Place the beef on a roasting tray with a little garlic and a little oil. Season with some salt and pepper and place in the oven to cook for 1 – 1 ½ hour. After this stage remove the beef from the oven and allow to rest for at least 15 minutes. The beef at this stage should be medium.
Sieve the plain flour into a large mixing bowl and add in a pinch of salt and pepper.
Whisk the eggs and milk together and add this to the plain flour and whisk until a smooth batter has been achieved. Allow to rest.
Meanwhile heat a 12 cup muffin tray in the oven having first ¼ filled the cups with vegetable or sunflower oil (ie-about a dessertspoon in the bottom of each) and allow this to heat for 5-10 minutes until the oil is sizzling. About 20 minutes before you are ready to serve you need to divide the batter between the muffin tin and transfer to the oven to cook for 15- 20 minutes until the puddings are well risen and golden brown.

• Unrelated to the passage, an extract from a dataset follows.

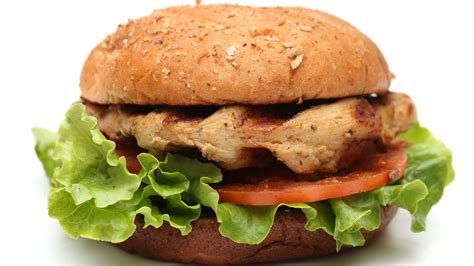 Chickens like to eat several times a day. 47% agree this is the best fast food chicken sandwich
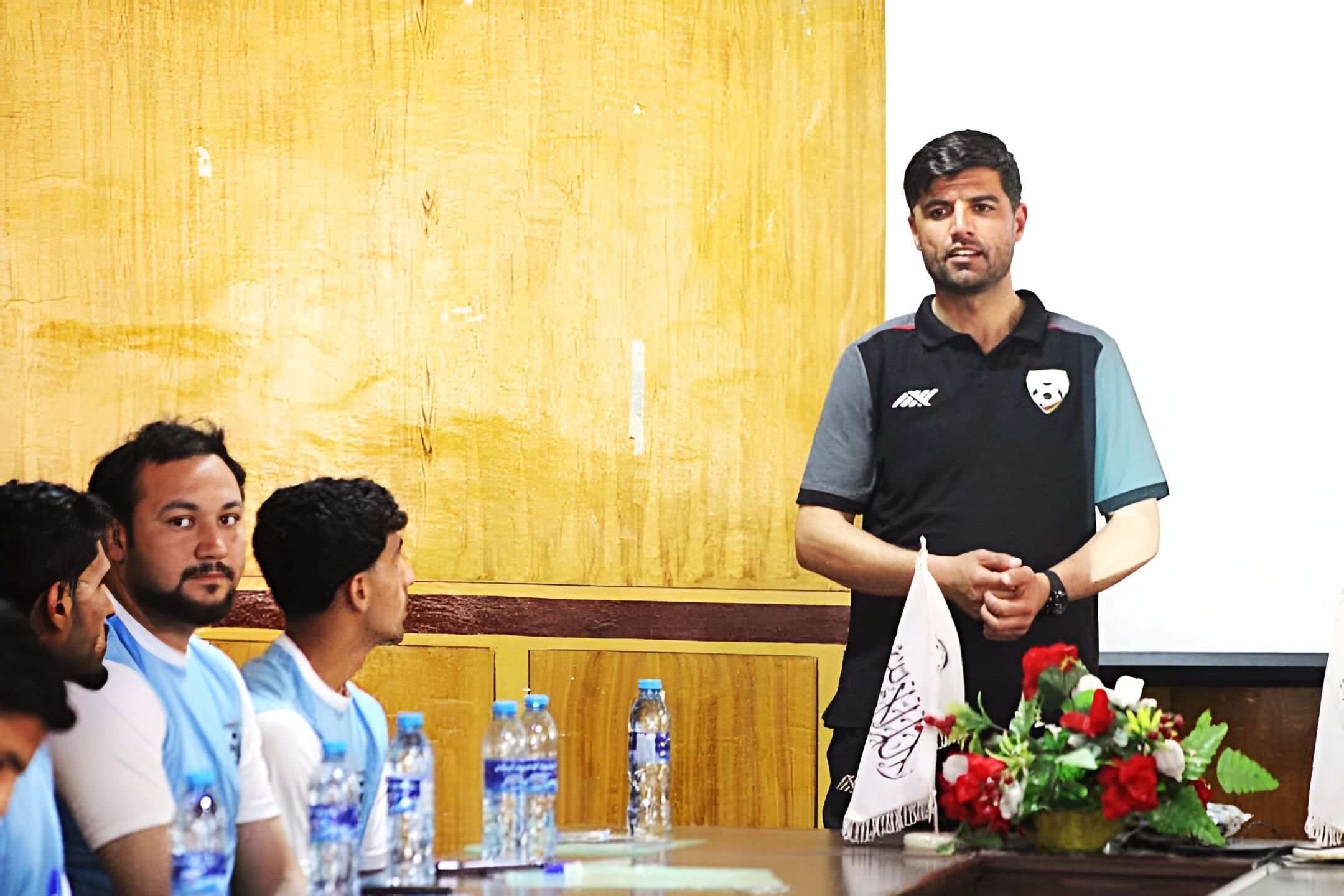 دوره آموزش مربیگری سطح «دی» فوتبال در ولایت قندز آغاز شد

Remove the joint of meat from the roasting tray and place the tray on direct heat.
Add in the flour and whisk until the mixture becomes dry and lumpy in consistency.
Whisk in the red wine and chicken stock slowly.
Strain through a fine sieve into a clean saucepan and continue to cook for 10 minutes.
Serve drizzled over the beef.
Put the potatoes into a small saucepan, covered with water and bring to the boil.
Reduce the heat and simmer for 10 minutes.
Place the fat on a roasting tray and place the tray in a hot oven (190C/375F/Gas Mark 5) for a few minutes to melt the fat.
Strain the potatoes and give them a little shake.
Add the flour to the potatoes at this stage and coat the potatoes in the flour.
Add the potatoes to the hot fat and cook for 35-40 minutes.